*DATA EXTRACT*
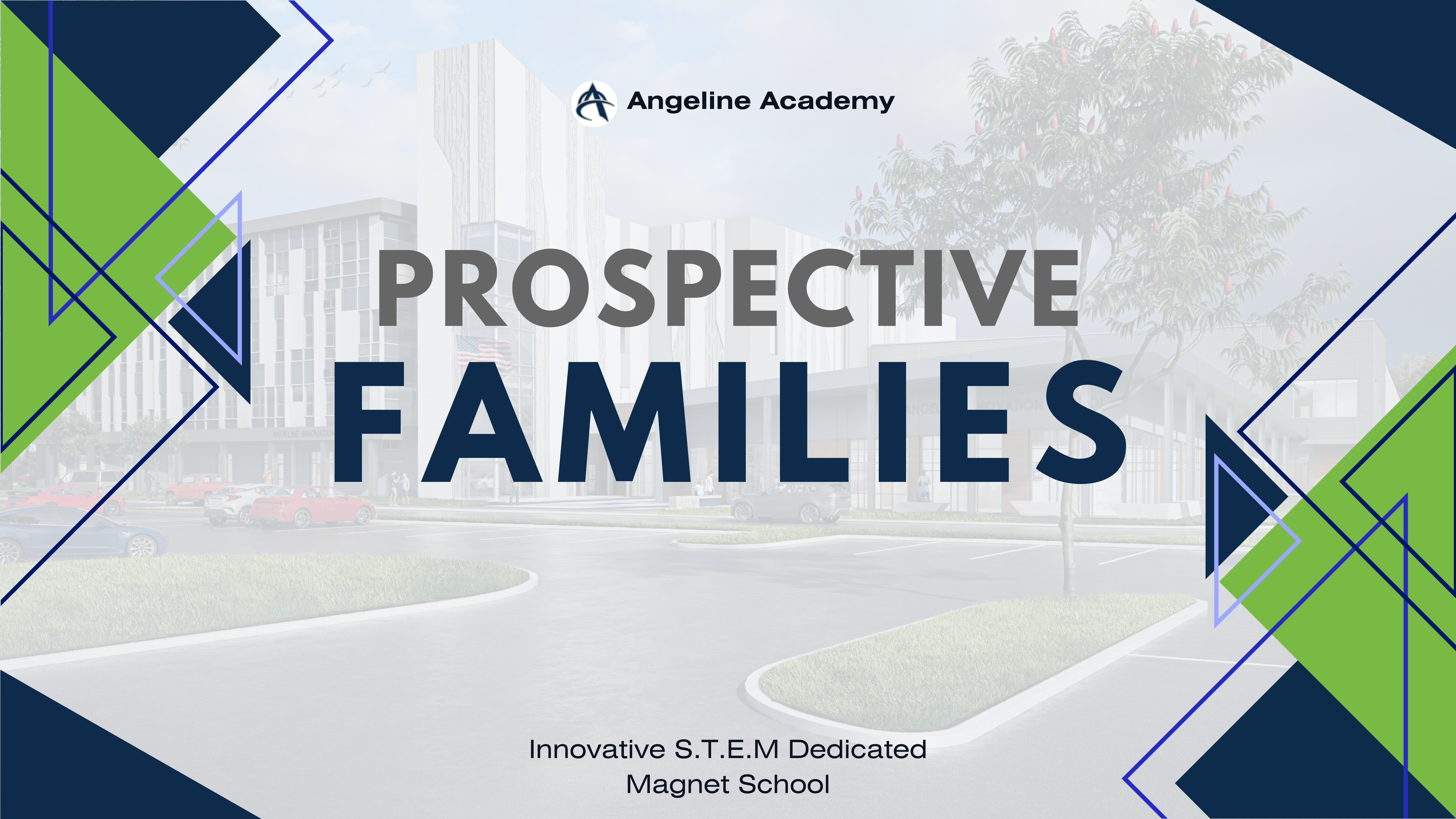 <p>Angeline Academy Prospective Families - Innovative STEM Dedicated Magnet School</p>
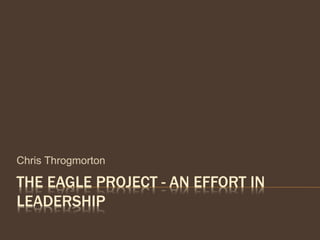 THE EAGLE PROJECT - AN EFFORT IN
LEADERSHIP
Chris Throgmorton
 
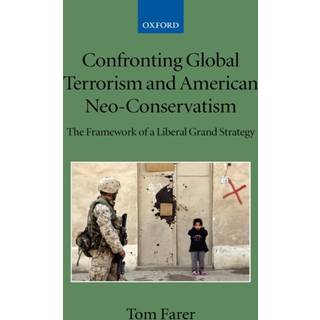 Confronting Global Terrorism and American Neo-Conservatism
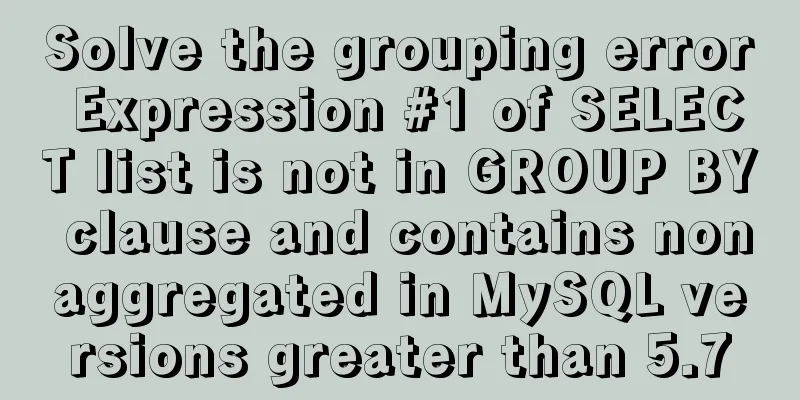 Solve the grouping error Expression #1 of SELECT list is not in GROUP BY clause and contains nonaggregated in MySQL versions greater than 5.7
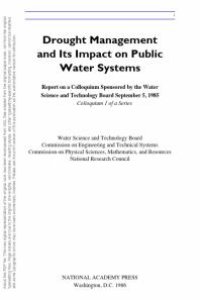 cover of the book Drought Management and Its Impact on Public Water Systems : Report on a Colloquium Sponsored by the Water Science and Technology Board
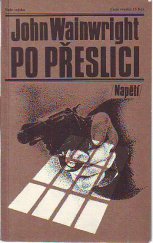 kniha Po přeslici, Naše vojsko 1987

*EXERCISE BRIEF*
In the listing above, find the line containing "Confronting Global Terrorism" and the line containing "Solve the grouping", then return both of them and every line between, exactly, without pictures.

*EXERCISE OUTPUT*
 Confronting Global Terrorism and American Neo-Conservatism
 Solve the grouping error Expression #1 of SELECT list is not in GROUP BY clause and contains nonaggregated in MySQL versions greater than 5.7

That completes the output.